Unsurprisingly, the video was posted on 16 August by the so-called Rusich ‘sabotage-assault reconnaissance group’ or task force, a neo-Nazi unit originally formed by Alexei Milchakov and Yan Petrovsky. Milchakov who is quite open about his Nazi views, first gained notoriety back in St. Petersburg for beheading a puppy on a video posted on the Internet, and calling on fellow neo-Nazis to kill down-and-outs.  He had even faced criminal prosecution at home until the current Russian regime began paying him to kill Ukrainians. The Rusich Task Force, as well as both Milchakov and Petrovsky, have been under US sanctions since September 2022, together with other paramilitary units seen as linked with the Wagner Unit.

The video asserted that the victim had been from Ukraine’s 155th Marine Brigade, with the Ukrainian Telegram channel DeepState reporting that it was made at the Kopotilovka checkpoint in the Belgorod oblast (Russia).  Deep State notes that around 12 August, Ukraine’s Armed Forces had made an unsuccessful attempt to break through the enemy line.  

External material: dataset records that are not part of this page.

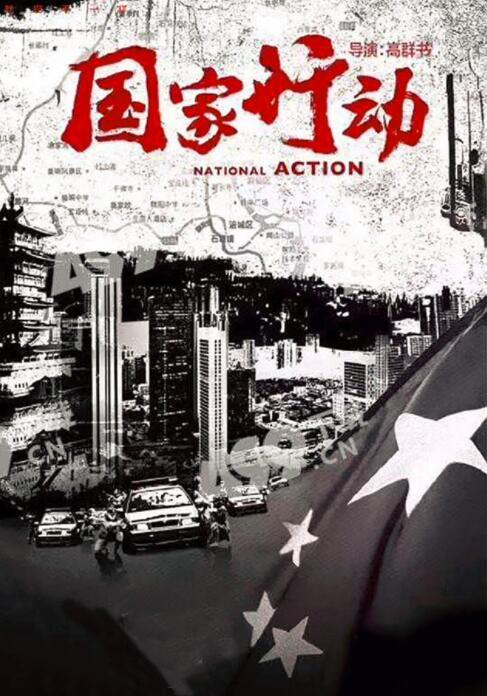 口碑最高的十部反腐电视剧（又一部反腐剧将袭）(1)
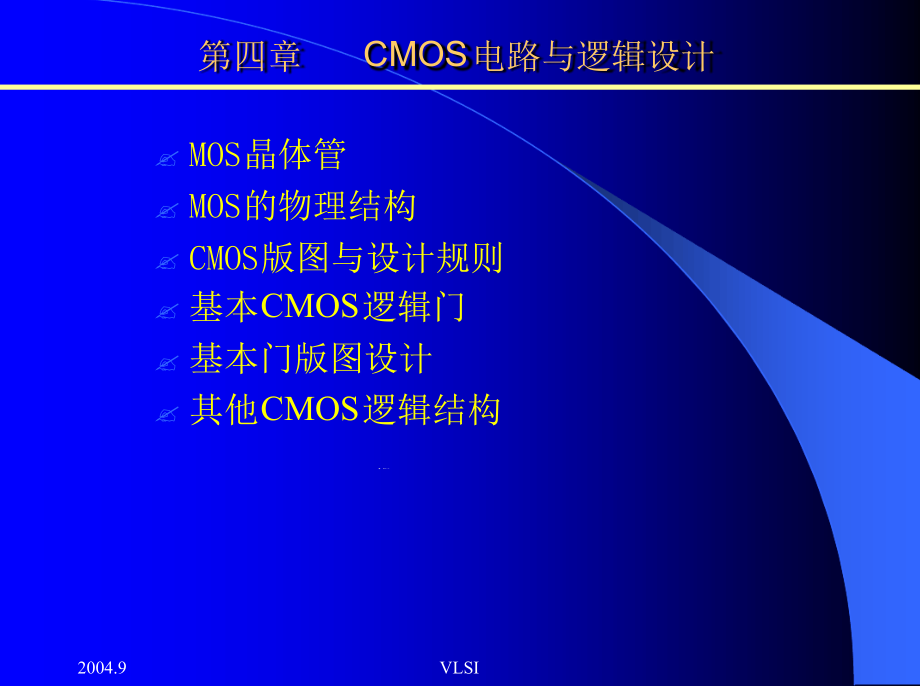 CMOS电路与逻辑设计课件_第1页
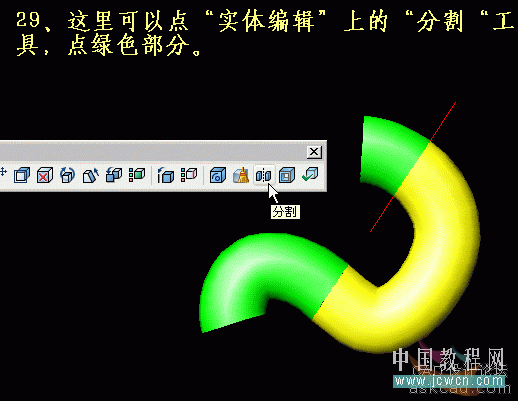 AutoCAD三维实体入门教程：关于剖切的知识详解27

The probe into the authenticity of the video and the circumstances around the beheading will be carried out by Ukraine’s Security Service [SBU].  Ukraine’s Ombudsperson Dmytro Lubinets also stated that he had called on the UN and to the International Committee of the Red Cross to respond to this “latest violation of international humanitarian law by the Russians”.  He noted that all such atrocities are aimed at frightening and demoralizing Ukrainians, but that they merely confirm the wish to ensure that all of those guilty of such atrocities are held to answer.

This is the second such report of a Ukrainian defender being killed and his body mutilated in the last month.  A similar war crimes investigation was initiated on 3 August, although on that occasion the Prosecutor General spoke only of information circulated on social media, not of a video.

The scale of Russian executions of prisoners of war and atrocities like the above has increased dramatically since late 2023, however none of the war crimes can be called new.  In August 2022, drone footage was posted, both in Ukraine and by CNN, of Russia’s total destruction of the Luhansk city of Popasna. In one shot, Ukrainian soldiers were seen being led away, with their hands on their heads.  Shortly after this, another photo was posted by the then Governor of Luhansk oblast, Serhiy Haidai which appeared to show the impaled head and hands of a Ukrainian prisoner of war outside a house in Popasna. 

In April 2023, two separate videos were posted which appeared to show Russians beheading Ukrainian soldiers.  One, posted on 8 April on a pro-Russian social media platform, showed the beheaded bodies of two Ukrainian soldiers.  The other was posted on 11 April but may have been taken earlier.  On it a Russian can be seen beheading a Ukrainian prisoner of war. 

In its monitoring report for the period from December 2023 to March 2024, the Office of the High Commissioner for Human Rights stated that its monitors had “recorded 12 cases of executions of at least 32 captured Ukrainian POWs. OHCHR has verified three of these incidents in which Russian servicemen executed seven Ukrainian servicemen hors de combat.” In eight of the reported cases, videos published on social media showed what appears to be Russian servicemen killing Ukrainian POWs who had laid down their weapons and using other captured Ukrainian POWs as human shields”. 

Earlier in March, the Independent International Commission of Inquiry on Ukraine, a body created by the UN’s Human Rights Council, reiterated, in its third report, earlier findings that Russia’s torture of both Ukrainian POW and of civilians had been “widespread and systematic.  Judging by the injuries that Oleksandr Ishchenko, the 56-year-old prisoner of war who died in a Russian SIZO [remand prison] had sustained, it seems likely that he had been subjected to torture.

In a recent interview to Dutch TV, Danielle Bell, Head of the OHCHR Monitoring Mission in Ukraine, stated that Russia subjects over 95% of Ukrainian POWs to torture, and that it was the worst she had seen in her 20 years of monitoring.